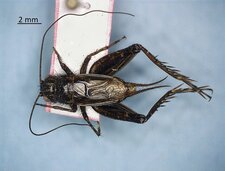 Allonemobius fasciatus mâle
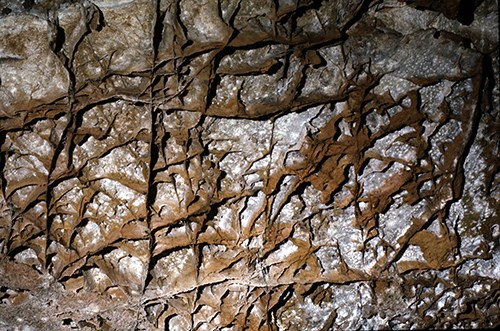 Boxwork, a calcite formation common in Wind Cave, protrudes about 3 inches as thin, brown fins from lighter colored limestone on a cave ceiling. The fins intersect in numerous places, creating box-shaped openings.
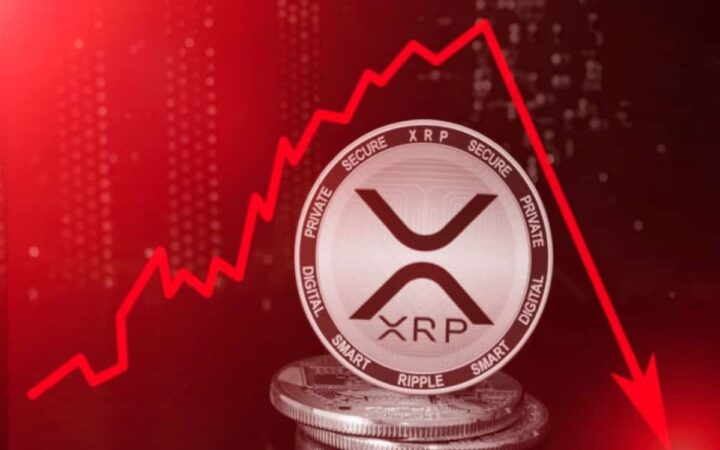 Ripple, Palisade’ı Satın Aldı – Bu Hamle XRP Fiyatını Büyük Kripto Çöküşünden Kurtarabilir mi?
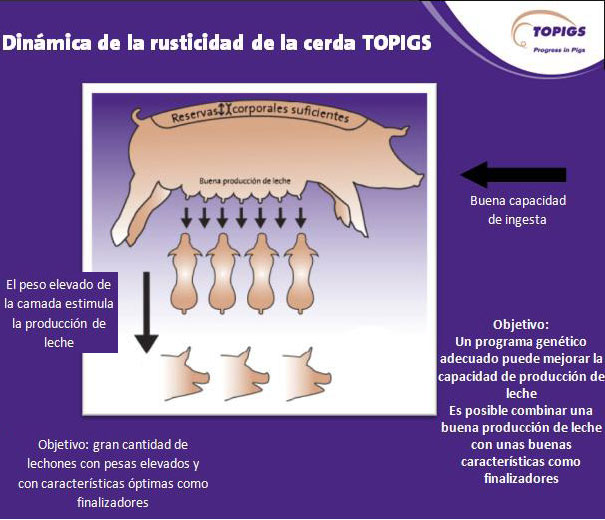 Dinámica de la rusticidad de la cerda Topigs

......

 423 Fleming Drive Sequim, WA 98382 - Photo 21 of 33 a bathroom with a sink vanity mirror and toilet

......

§ **TASK INSTRUCTIONS**
Your output should be the lines above from the one that contains "Allonemobius fasciatus mâle" through the one that contains "Dinámica de la rusticidad de la cerda Topigs", word for word, with pictures left out.

§ **EXERCISE SOLUTION**
 Allonemobius fasciatus mâle
 Boxwork, a calcite formation common in Wind Cave, protrudes about 3 inches as thin, brown fins from lighter colored limestone on a cave ceiling. The fins intersect in numerous places, creating box-shaped openings.
 Ripple, Palisade’ı Satın Aldı – Bu Hamle XRP Fiyatını Büyük Kripto Çöküşünden Kurtarabilir mi?
 Dinámica de la rusticidad de la cerda Topigs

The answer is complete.